Municipal sludge is known to contain varying residue levels of heavy
metals, pesticides and other contaminants, such as PCB's, according to
the restrictions on the use of sludge contained in 40 CFR Part 503.
Clearly, its use is not compatible with the principles of organic
production, and it should be prohibited in the final rule. It has been
historically prohibited for use in organic production, so its inclusion
as a prohibited substance would cause no hardship to organic producers.
On the other hand, the allowance of municipal sludge, or the failure to
clearly prohibit its use on organic farms, could negatively impact
organic producers, since the substance is not allowed for organic
production in other countries. This could place American organic farmers
at a competitive disadvantage in international trade, because products
from the United States could be excluded from certain markets. It could
also damage markets for organic producers in the U.S., since consumers
choose to purchase organic foods because they understand it is grown on
land to which toxic materials, such as those known to persist in
biosolids, have not been applied. This holds irrespective of whether,
or not, any damage or illness is ever documented.
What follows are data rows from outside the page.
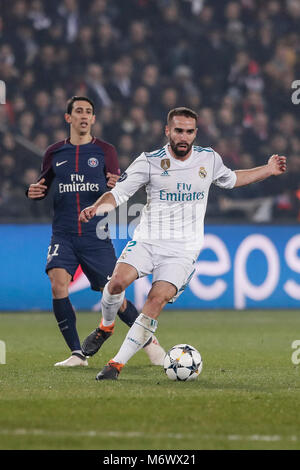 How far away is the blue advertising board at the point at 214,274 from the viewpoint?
13867mm

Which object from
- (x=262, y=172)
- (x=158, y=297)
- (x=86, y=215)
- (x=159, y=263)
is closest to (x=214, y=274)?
(x=262, y=172)

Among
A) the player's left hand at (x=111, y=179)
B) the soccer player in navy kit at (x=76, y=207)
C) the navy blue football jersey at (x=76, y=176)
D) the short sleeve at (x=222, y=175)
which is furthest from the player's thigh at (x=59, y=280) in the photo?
the short sleeve at (x=222, y=175)

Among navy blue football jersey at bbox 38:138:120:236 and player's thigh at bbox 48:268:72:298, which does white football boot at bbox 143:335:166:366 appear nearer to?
player's thigh at bbox 48:268:72:298

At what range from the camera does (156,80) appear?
55.5 ft

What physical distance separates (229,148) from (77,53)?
10.6 ft

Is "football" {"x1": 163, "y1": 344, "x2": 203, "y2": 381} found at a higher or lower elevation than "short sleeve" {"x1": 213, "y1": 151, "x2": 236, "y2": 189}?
lower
The 40 CFR Part 503 rules practically guarantee degradation of soil
quality on land to which sludge is applied. One example of degradation
is the increase of the levels of heavy metals which is an inevitable
consequence of land application of sludge. Previously contaminated land
might not be further damaged by sludge, but that would not hold for land
used in organic production. Irrespective of whether the metals and
other persistent contaminants are taken up by plants or mobilize in the
groundwater, they will accumulate in the food chain and represent an
ecological risk completely disregarded by the already weak 503 rules."